One of the biggest challenges would be to protect the elderly and those who are immunologically compromised.
The structure of our families where multiple generations live together presents both a challenge and an opportunity. This means that we cannot easily isolate the elderly from their families. At the same time, a single super spreader (like a nursing home attendant) is unlikely to infect hundreds of elderly at once.
Can the elderly and other vulnerable individuals be provided with PPE kits? Honestly, we have no perfect answers.
We can only hope that our families and communities will figure out ways to deal with this challenge with the support of the government.
Authorities and communities can share their experiences and learn from each other as the number of districts in the Green Zone are large.
Ideally, at this stage, health authorities have mastered the lessons to keep hospitalisation and mortality low.

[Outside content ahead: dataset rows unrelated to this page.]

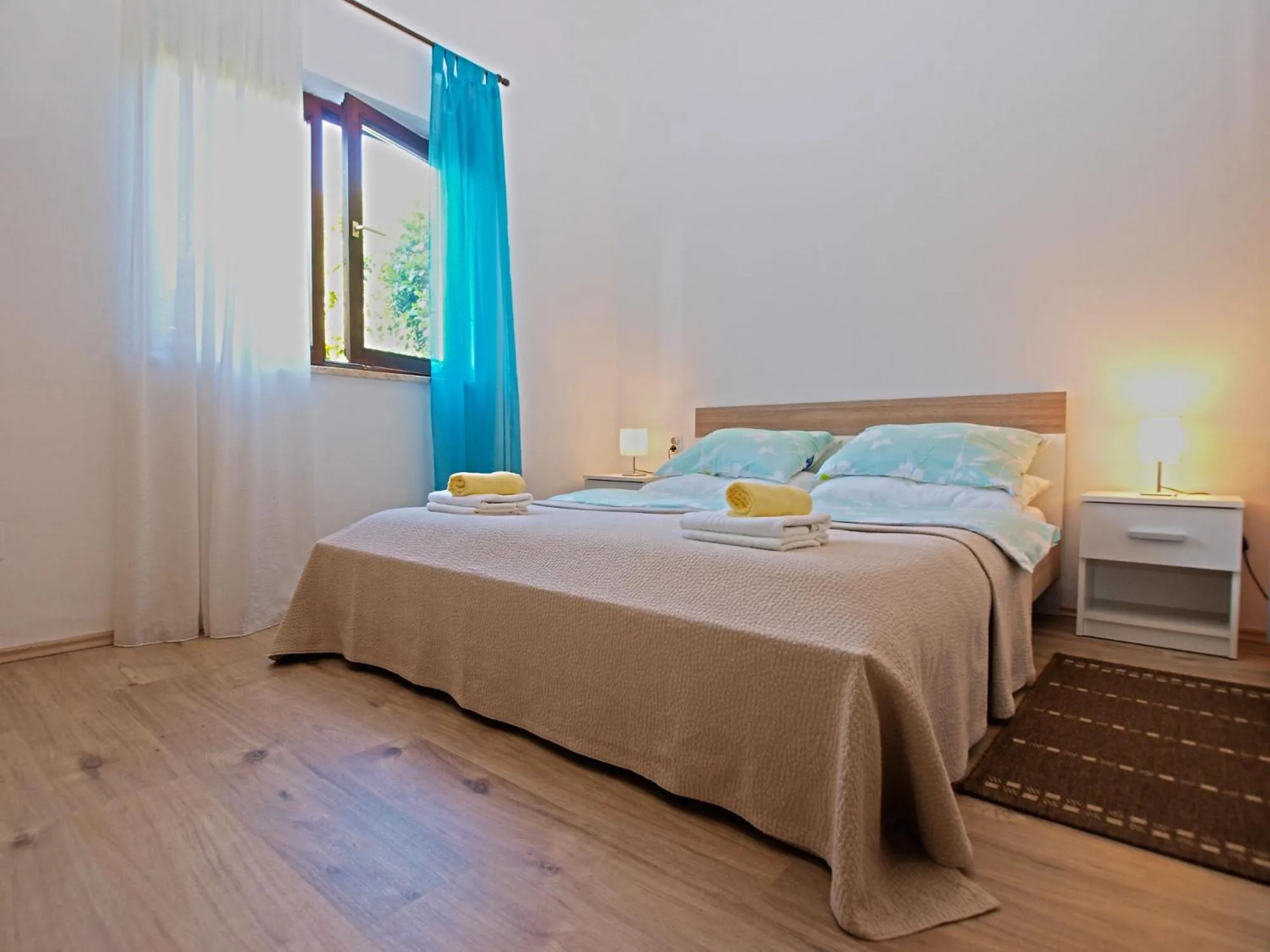 Bed in Apartment Igor 1364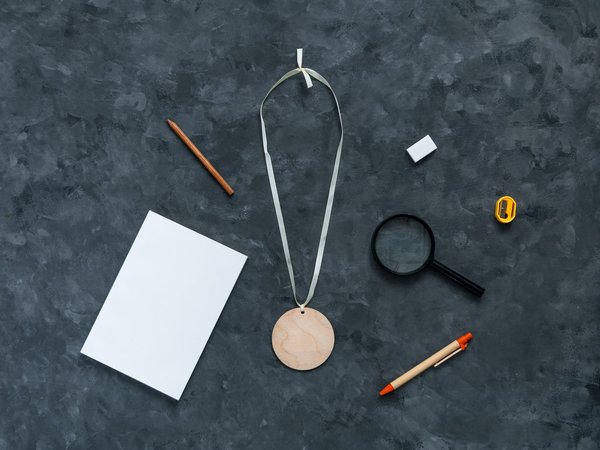 Médaille de baptême de la Vierge à l'Enfant : Un symbole de foi et de protection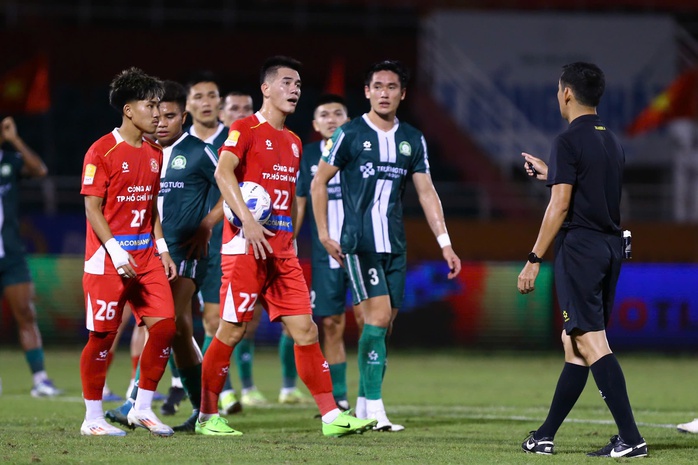 Tài năng Việt kiều tiếp tục giúp CLB Công an TP HCM chiến thắng - Ảnh 1.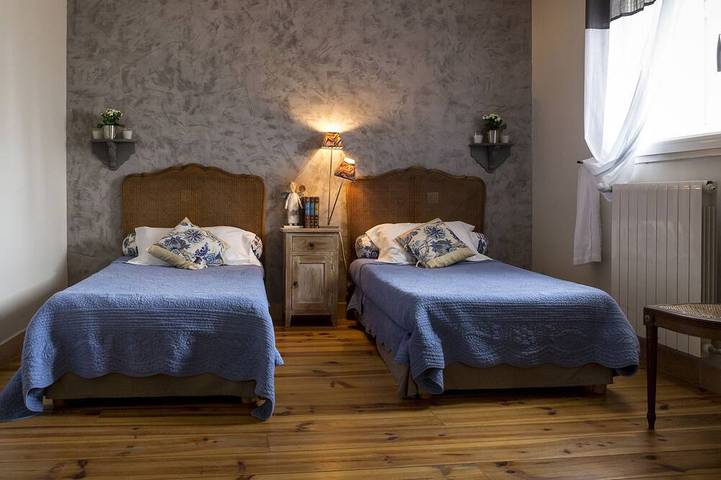 Gîte pour 24 personnes, avec sauna ainsi que jacuzzi et jardin à Vallabrègues - 4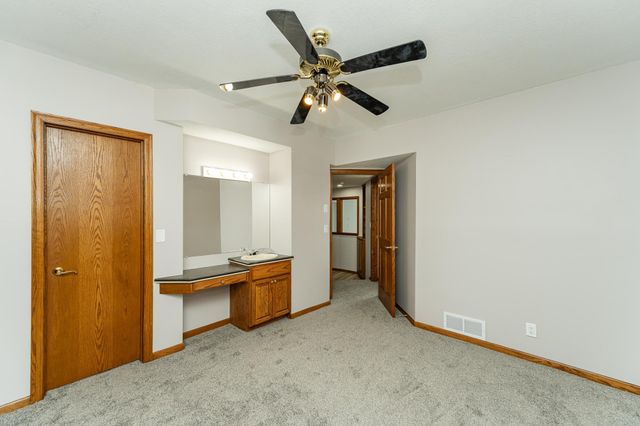 520 Cemetery Road, Mantorville, MN 55955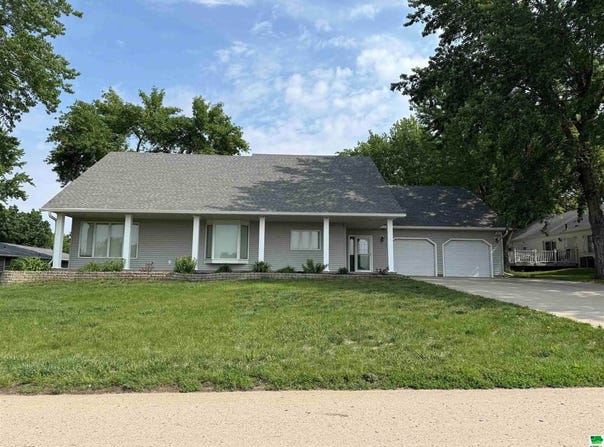 631 South St, Akron, IA 51001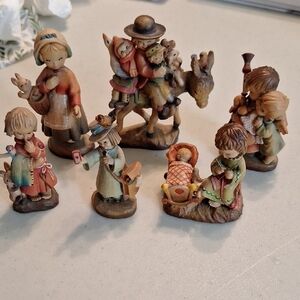 Anri Figurine Set From Italy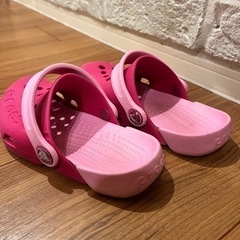 crocs（クロックス）　サンダル　c8（15.5cm）　ピンクの画像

In the next stage, high risk zones will also be opened in a similar manner while restricting the lockdown to identified hotspots.
Ideally, this approach should lead to opening more than 70 per cent of the country immediately and the whole of the country in a month from now.
Random sample-testing of the population for antibodies can provide indications as to when a region has acquired a level of herd immunity.
Contact Tracing and Quarantine
When the eventual goal is ‘herd immunity’, contact tracing and quarantining of asymptomatic individuals is futile.
It makes a lot of sense to publish the identity and location of infected individuals along with their treatment status.
This can help other people weigh the risks and make informed decisions about their own movement and social contacts.
Contact tracing will become unnecessary and superfluous once there is community transmission.
There is unfortunately no herd immunity without community transmission.
State resources are better spent on building isolation facilities for the immunologically vulnerable/elderly people and health workers rather than quarantining young and healthy asymptomatic people.
High quality PPE kits for doctors including private practitioners is a no-brainer.
The PM is faced with the difficult decision on when to lift the lockdown. We recommend that an immediate planned relaxation in the low risk zones is the way forward.
There are sound reasons for this from the viewpoints of both the economy and the response to the Wuhan pandemic.
The present approach of contact tracing and quarantine are unsustainable beyond a point.
In the absence of a vaccine, a controlled journey to herd immunity seems to be the only option.
There are enough grounds to be optimistic about this approach based on our demographic profile and the risks seem manageable.
There is no reason to delay this any longer and a phased relaxation of lockdown should start immediately.